Smacking ban faces challenge by schools

By Victoria Combe

A GROUP of independent Christian schools is challenging the Government’s ban on corporal punishment, which comes into force this week, claiming that smacking is “moderate and loving discipline.”

Forty members of the Christian Schools’ Trust are contesting the ban through the European Court of Human Rights, claiming that the legislation is an infringement of “religious and parental” rights. The existing ban on corporal punishment for pupils in state schools will be extended to private schools when the Schools Standards and Framework Act comes into force tomorrow.

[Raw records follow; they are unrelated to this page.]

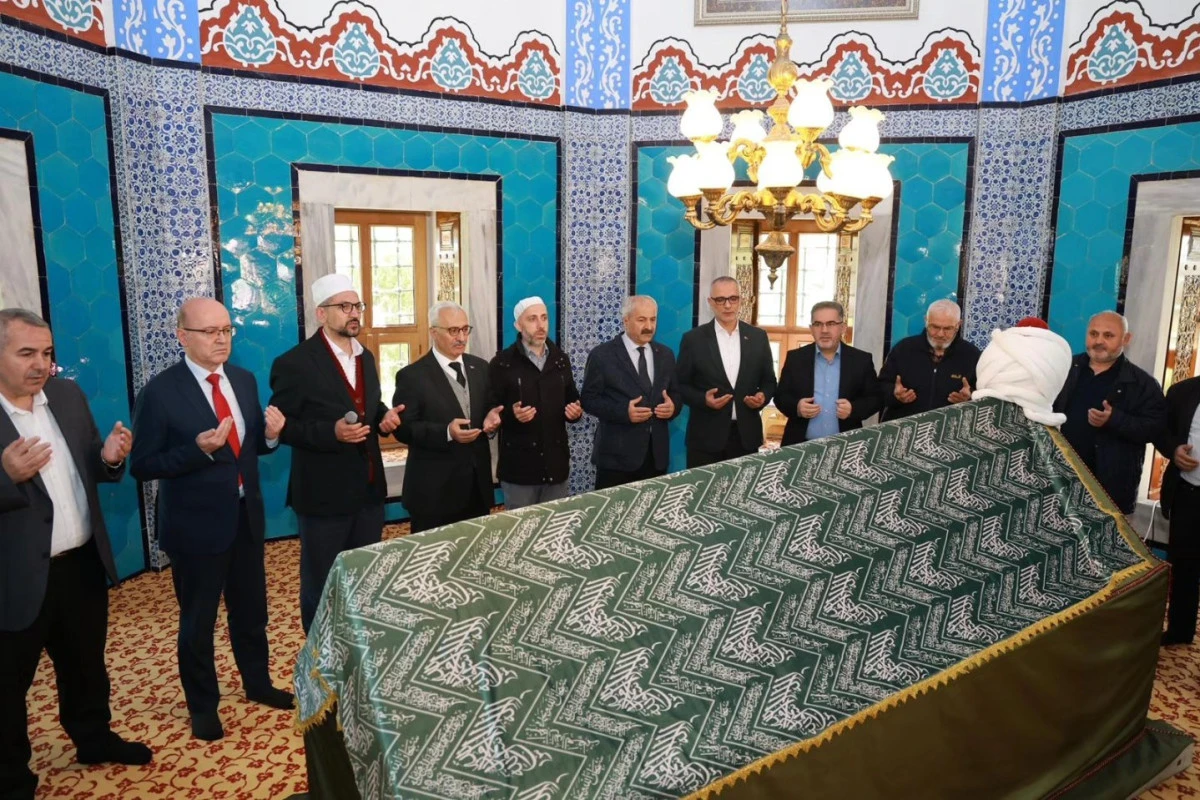 Gebze&rsquo;nin Banisi &Ccedil;oban Mustafa Paşa Dualarla Anıldı: Vefatının 497. Yılı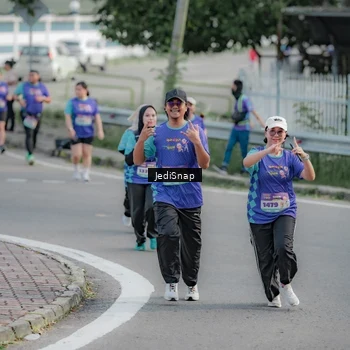 Runner Photo 8337440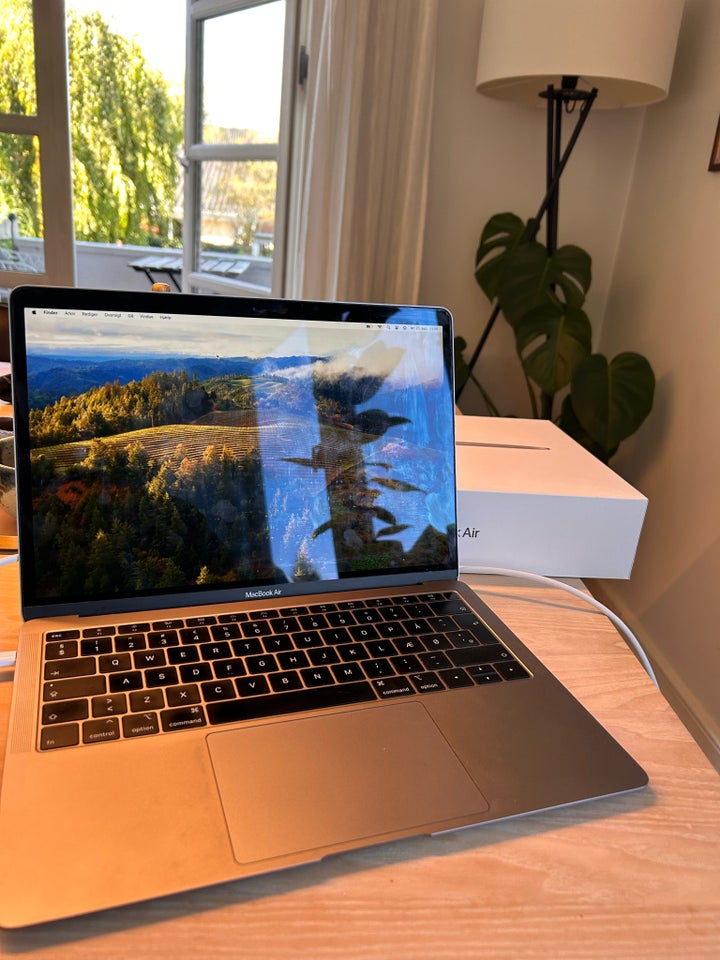 MacBook Air Retina 13-inch 2018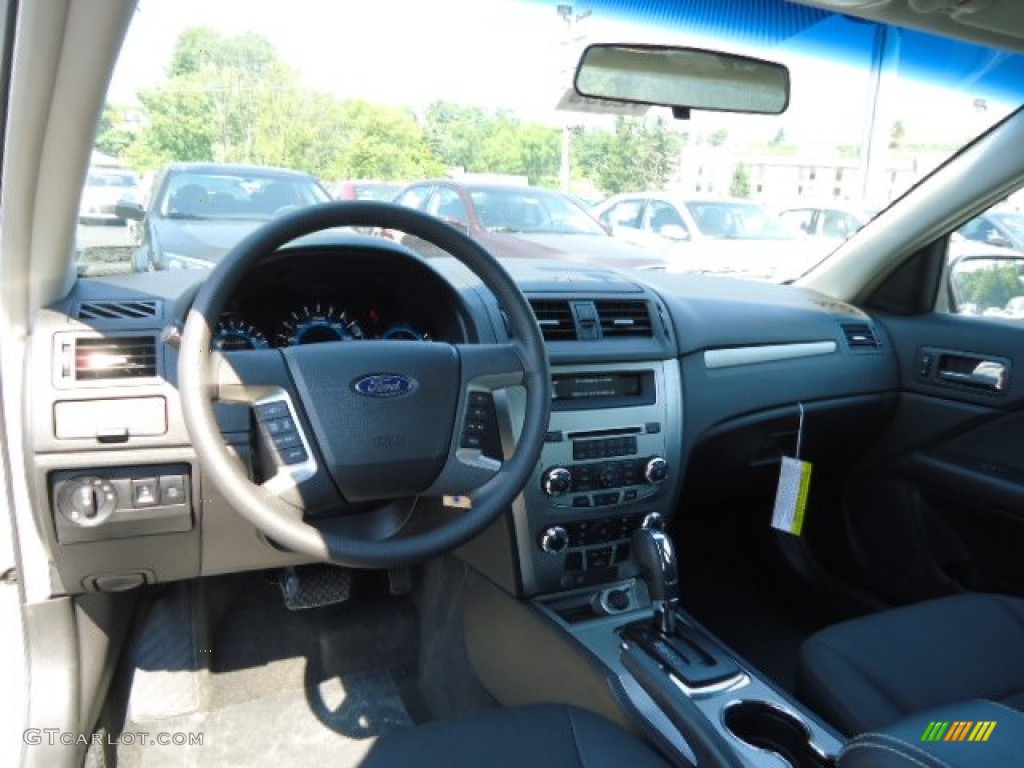 2012 Fusion SE - Ingot Silver Metallic / Charcoal Black photo #10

Philip Williamson, headmaster of the Christian Fellowship School in Edge Hill, Liverpool, claimed that assaults on teachers had increased since the ban was imposed in state schools 13 years ago. He said: “We are not seeking a return to a Dickensian age of six of the best. What we are seeking is reasonable, moderate and loving discipline. It has a beneficial effect on some children; they understand where the boundaries of acceptability are and they become responsible citizens in society.”

Mr Williamson uses a “paddle” — a wooden ruler — to hit older boys, and girls are given the strap. Pupils under 10 are smacked on the hand or leg. He said that 90 per cent of the 200 children at his school, aged four to 16, never got smacked.

Peter Newell, co-ordinator of the End Physical Punishment of Children campaign, rejected Mr Williamson’s claims and said that the legal challenge had “no hope” of success. He said: “Teachers have for a long time supported abolition and the Independent Schools’ Joint Council which represents more than 80 per cent of independent schools has also supported this. This is just a tiny minority of schools bringing this action.”

A spokesman for the Department for Education and Employment rejected Mr Williamson’s claims, saying: “There is no firm evidence to back up what he has said about assaults on teachers.”